4 reasons why Asia is about to dominate FinTech
----Johnny Mayo Co-Founder @ Neuroware.io & Blockstrap #500strong
FinTech has become a universally accessible industry. It’s even becoming sexy.
Once dominated by powerful corporations and brain-draining grey suits, the powerful corporation of Goldman Sachs recently had some grey suits report that the industry is now worth a staggering US$4.7 trillion – and it’s only just getting started.
The explosive growth of FinTech has been a long time coming. Other than the advent of PayPal and the novelty of e-commerce the internet has actually done very little in terms of revolutionizing how money could work, but all this is now changing at a frighteningly efficient pace.
As software continues to eat the world it’s not just forcing finance into its biggest rethink in decades, it’s literally dragging it into the 21st century by the scruff of its neck.
The Economist said of The FinTech Revolution, “From payments to wealth management, from peer-to-peer lending to crowdfunding, a new generation of startups is taking aim at the heart of the industry” – and of all the different clusters of FinTech companies that are emerging perhaps none are drawing more attention, mindshare, opinions, and ire than those looking to set the industry standards in the crazy world of Bitcoin.

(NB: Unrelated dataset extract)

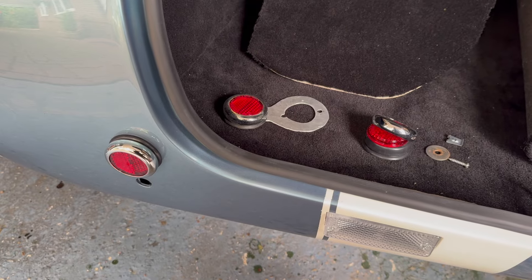Hi there, good to see you again. The IVA date is rapidly approaching - about two and a half to three weeks away. We need to prep this car to make it safer on the road and to help pass the IVA test. I'm also eager to get an extra start in just to make sure there are no leaks or undue issues before I drive it to the IVA centre. Let's get started.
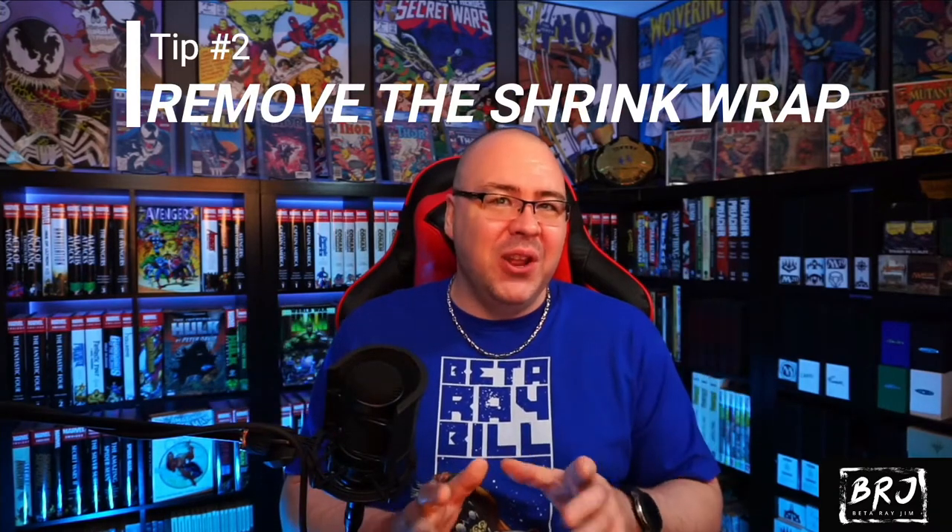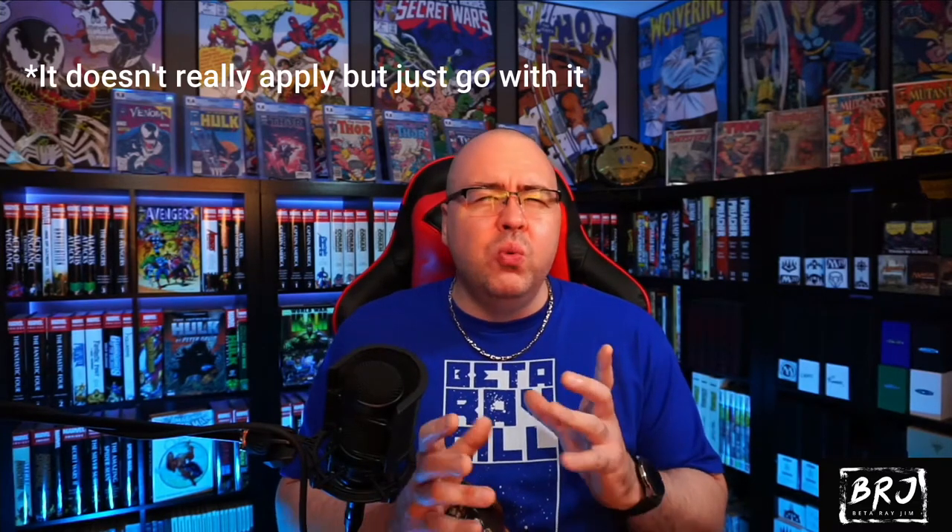Moving on to number two: the plastic wrap. When I first started collecting, I did not unwrap my books unless I was going to read them. If I wasn't going to read the book, it stayed in the wrap. It wasn't until I started watching some other YouTube videos that I realized their collections looked a lot better than mine — they took the books out of the plastic wrap. Books on the shelf without the plastic wrap look so much more exuberant. The spines really pop and it's just fantastic. Make your collection look as good as possible — take the plastic wrap off. You won't regret it. Tip number two: take off that plastic wrap.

Having grown out of its awkward early adoption phase and tip-toeing into the wider public lexicon, headlines about banks and institutions considering blockchain technology have become as commonplace as a Miley Cyrus scandal. Bitcoin (formally known as scary scam terrorist money) is now being courted as the darling of the FinTech scene. Just be careful which words you use. Bitcoin is sometimes bad. Blockchain is usually good. The worldwide ledger is probably best.
Meetups and startups are springing up to honour Satoshi in financial capitals and tech-savvy cities all over the globe, while accelerators and investors scramble to snap up the talent and stake a claim in this new and emerging ecosystem.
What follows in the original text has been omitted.